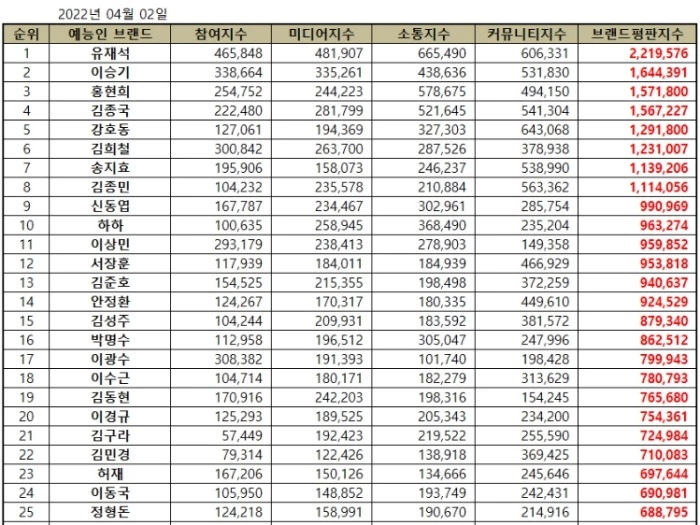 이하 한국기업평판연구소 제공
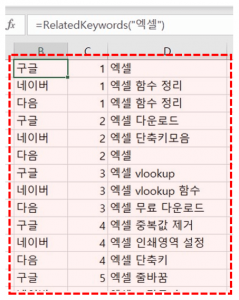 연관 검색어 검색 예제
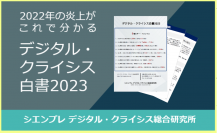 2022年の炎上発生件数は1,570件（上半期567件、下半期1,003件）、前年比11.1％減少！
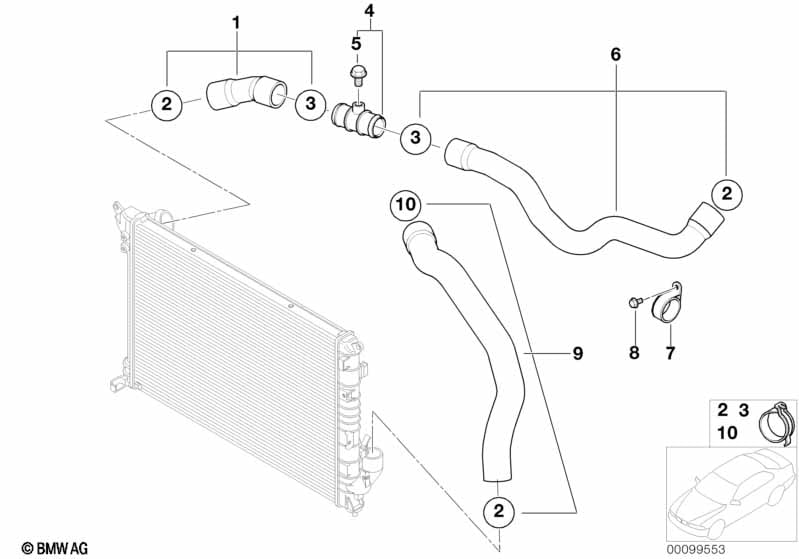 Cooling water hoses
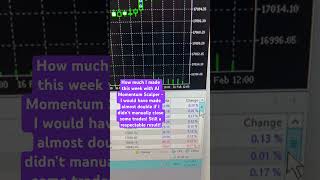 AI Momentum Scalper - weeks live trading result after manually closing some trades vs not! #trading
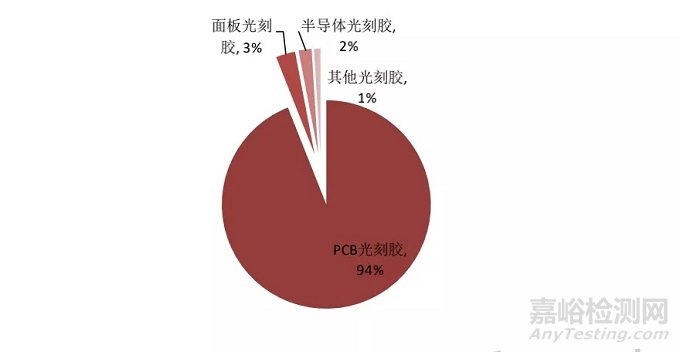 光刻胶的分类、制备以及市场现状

....

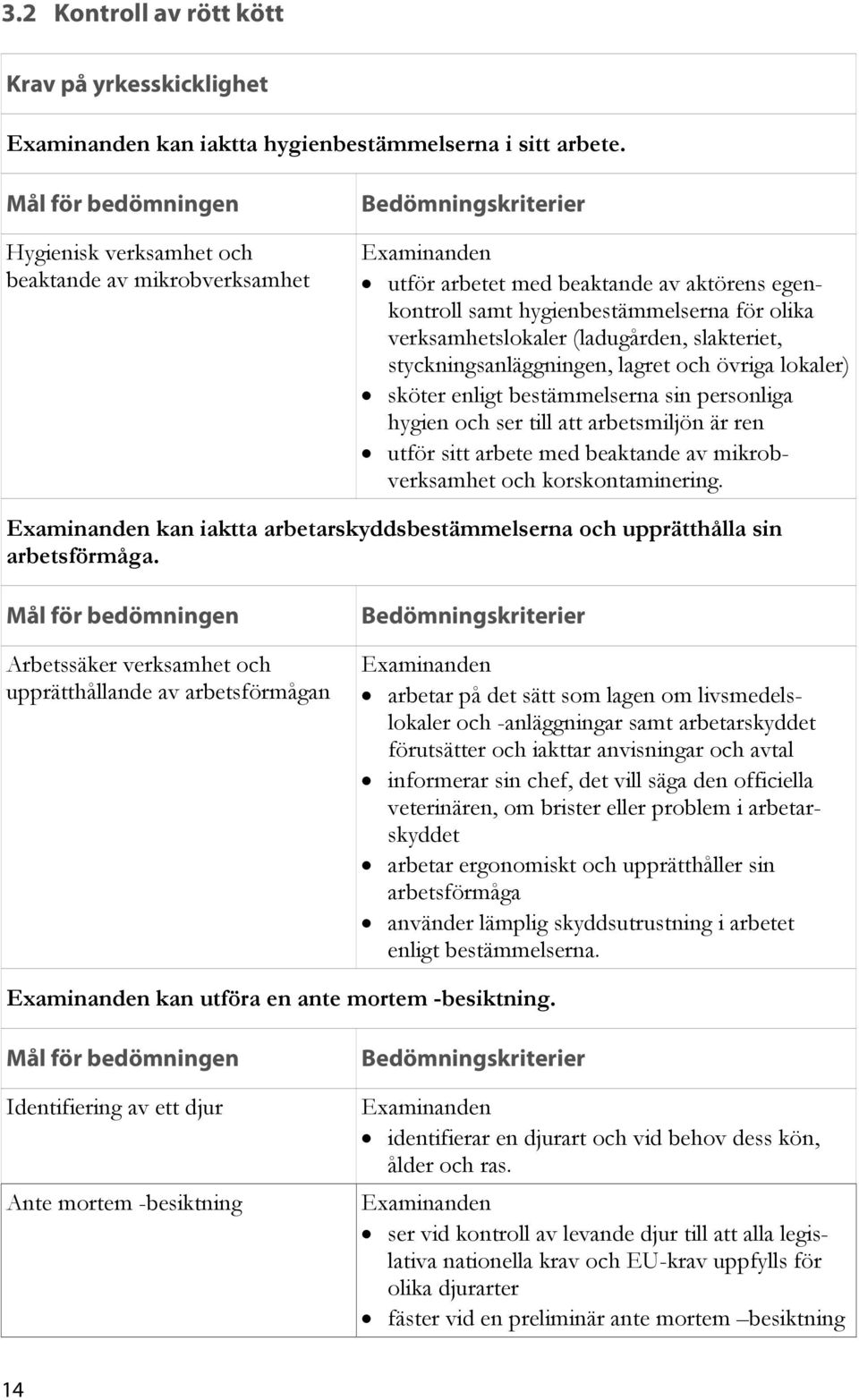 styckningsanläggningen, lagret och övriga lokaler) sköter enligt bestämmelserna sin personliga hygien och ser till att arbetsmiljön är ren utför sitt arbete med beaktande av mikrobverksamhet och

....

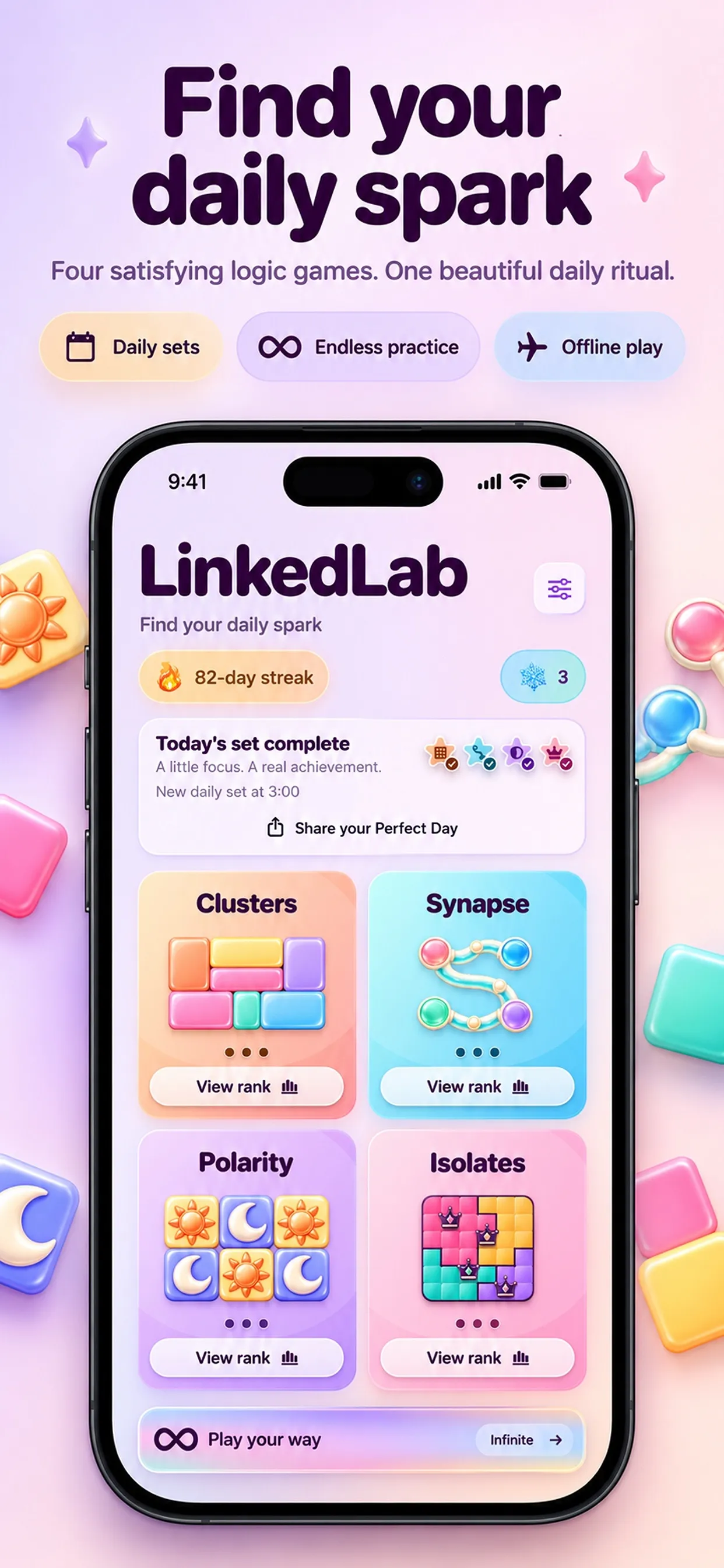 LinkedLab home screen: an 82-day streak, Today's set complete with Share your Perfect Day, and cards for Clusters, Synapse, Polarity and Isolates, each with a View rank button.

....

» **TASK BRIEF**
Return only the part above that opens with the line containing "Cooling water hoses" and closes with the line containing "光刻胶的分类、制备以及市场现状", exactly and with both ends, skipping the pictures.

» **RESULT OF THE TASK**
 Cooling water hoses
 AI Momentum Scalper - weeks live trading result after manually closing some trades vs not! #trading
 光刻胶的分类、制备以及市场现状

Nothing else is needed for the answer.